**PROVIDED DATA**
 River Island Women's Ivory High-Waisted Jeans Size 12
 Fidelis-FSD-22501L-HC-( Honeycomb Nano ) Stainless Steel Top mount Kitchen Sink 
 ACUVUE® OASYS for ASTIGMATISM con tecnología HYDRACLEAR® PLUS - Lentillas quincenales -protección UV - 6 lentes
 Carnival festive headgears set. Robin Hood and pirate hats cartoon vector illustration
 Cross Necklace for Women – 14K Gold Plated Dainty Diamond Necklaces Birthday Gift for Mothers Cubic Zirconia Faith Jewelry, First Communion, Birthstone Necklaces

--

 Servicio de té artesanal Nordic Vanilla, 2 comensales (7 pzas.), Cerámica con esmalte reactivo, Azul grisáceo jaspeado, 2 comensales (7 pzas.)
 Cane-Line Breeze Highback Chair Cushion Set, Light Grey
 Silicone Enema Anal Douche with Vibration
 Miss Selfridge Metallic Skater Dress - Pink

* * *

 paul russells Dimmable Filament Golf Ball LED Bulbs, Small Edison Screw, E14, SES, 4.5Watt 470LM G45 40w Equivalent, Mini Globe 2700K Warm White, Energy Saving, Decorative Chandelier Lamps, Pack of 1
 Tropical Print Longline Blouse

**WHAT IS EXPECTED**
From the records above, transcribe without alteration every line from the one with "Cane-Line Breeze Highback" to the one with "Miss Selfridge Metallic Skater Dress - Pink", inclusive.

**REPLY**
 Cane-Line Breeze Highback Chair Cushion Set, Light Grey
 Silicone Enema Anal Douche with Vibration
 Miss Selfridge Metallic Skater Dress - Pink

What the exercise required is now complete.